* [Data for processing]:
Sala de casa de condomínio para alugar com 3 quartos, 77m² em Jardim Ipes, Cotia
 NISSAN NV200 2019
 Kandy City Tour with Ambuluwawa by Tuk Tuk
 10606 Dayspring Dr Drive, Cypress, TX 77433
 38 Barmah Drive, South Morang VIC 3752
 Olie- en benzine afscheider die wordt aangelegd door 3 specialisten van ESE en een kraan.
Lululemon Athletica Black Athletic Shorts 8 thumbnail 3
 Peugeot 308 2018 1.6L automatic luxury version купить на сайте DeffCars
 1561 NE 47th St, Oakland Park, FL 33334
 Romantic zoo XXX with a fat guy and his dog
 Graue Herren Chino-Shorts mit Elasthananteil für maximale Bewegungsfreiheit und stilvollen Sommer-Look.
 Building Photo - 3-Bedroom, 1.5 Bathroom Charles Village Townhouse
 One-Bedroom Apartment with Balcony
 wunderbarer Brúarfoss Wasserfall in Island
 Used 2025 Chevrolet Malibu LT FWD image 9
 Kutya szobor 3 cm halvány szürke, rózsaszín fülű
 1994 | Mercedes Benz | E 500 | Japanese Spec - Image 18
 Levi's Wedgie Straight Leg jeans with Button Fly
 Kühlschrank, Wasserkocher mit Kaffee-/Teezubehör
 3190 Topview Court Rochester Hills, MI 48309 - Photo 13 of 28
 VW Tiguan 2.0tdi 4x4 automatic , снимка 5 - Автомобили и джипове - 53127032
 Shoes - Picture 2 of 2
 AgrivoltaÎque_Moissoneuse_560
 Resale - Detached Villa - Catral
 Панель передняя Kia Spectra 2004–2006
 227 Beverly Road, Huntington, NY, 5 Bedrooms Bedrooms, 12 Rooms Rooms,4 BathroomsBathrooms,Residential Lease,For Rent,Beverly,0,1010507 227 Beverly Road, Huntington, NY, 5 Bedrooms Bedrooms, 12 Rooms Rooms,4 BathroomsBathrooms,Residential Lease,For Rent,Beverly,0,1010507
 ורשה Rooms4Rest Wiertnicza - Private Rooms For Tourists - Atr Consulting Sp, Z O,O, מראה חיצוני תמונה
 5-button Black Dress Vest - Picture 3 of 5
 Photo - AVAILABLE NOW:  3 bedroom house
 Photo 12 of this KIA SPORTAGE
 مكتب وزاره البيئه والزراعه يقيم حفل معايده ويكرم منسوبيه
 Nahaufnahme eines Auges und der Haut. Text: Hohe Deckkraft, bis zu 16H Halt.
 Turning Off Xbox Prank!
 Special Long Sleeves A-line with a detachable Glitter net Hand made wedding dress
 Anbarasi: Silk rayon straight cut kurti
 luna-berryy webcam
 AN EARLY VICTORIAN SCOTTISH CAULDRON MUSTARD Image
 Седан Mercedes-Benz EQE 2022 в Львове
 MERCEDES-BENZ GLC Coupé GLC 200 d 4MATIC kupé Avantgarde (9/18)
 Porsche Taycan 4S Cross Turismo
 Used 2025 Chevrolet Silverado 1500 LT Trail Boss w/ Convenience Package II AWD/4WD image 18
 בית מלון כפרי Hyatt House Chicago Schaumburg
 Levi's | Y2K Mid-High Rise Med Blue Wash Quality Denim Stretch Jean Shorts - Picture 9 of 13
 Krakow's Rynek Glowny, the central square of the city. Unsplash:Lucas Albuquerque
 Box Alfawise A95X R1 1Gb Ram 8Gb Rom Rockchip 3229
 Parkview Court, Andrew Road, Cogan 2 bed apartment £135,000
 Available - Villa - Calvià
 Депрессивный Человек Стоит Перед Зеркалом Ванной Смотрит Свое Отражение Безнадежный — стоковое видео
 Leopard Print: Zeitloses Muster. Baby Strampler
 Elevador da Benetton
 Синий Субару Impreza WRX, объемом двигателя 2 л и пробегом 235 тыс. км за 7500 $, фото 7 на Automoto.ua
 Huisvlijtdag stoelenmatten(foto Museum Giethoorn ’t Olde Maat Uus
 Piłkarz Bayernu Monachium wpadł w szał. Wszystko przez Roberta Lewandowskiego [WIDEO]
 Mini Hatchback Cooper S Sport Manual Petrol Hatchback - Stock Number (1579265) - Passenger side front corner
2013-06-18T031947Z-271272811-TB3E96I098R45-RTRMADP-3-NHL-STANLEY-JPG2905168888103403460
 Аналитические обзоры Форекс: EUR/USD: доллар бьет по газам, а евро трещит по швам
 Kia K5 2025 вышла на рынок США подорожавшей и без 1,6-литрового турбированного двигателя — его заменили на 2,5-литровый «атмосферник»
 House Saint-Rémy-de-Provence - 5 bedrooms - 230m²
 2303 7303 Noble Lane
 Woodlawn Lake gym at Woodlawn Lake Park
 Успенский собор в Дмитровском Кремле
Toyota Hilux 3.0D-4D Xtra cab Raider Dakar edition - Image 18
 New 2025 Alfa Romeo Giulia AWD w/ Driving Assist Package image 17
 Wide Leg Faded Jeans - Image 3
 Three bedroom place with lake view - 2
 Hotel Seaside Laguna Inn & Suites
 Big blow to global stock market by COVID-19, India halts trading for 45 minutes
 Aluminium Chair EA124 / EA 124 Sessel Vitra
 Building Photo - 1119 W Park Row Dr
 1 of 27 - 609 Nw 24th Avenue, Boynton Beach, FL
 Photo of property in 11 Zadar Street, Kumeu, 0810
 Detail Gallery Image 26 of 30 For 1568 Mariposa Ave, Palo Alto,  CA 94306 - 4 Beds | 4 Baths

* [The task]: Output should match, line for line, the stretch of the material above from the line holding "Box Alfawise A95X" through the line holding "Mini Hatchback Cooper".

* [Task response]:
 Box Alfawise A95X R1 1Gb Ram 8Gb Rom Rockchip 3229
 Parkview Court, Andrew Road, Cogan 2 bed apartment £135,000
 Available - Villa - Calvià
 Депрессивный Человек Стоит Перед Зеркалом Ванной Смотрит Свое Отражение Безнадежный — стоковое видео
 Leopard Print: Zeitloses Muster. Baby Strampler
 Elevador da Benetton
 Синий Субару Impreza WRX, объемом двигателя 2 л и пробегом 235 тыс. км за 7500 $, фото 7 на Automoto.ua
 Huisvlijtdag stoelenmatten(foto Museum Giethoorn ’t Olde Maat Uus
 Piłkarz Bayernu Monachium wpadł w szał. Wszystko przez Roberta Lewandowskiego [WIDEO]
 Mini Hatchback Cooper S Sport Manual Petrol Hatchback - Stock Number (1579265) - Passenger side front corner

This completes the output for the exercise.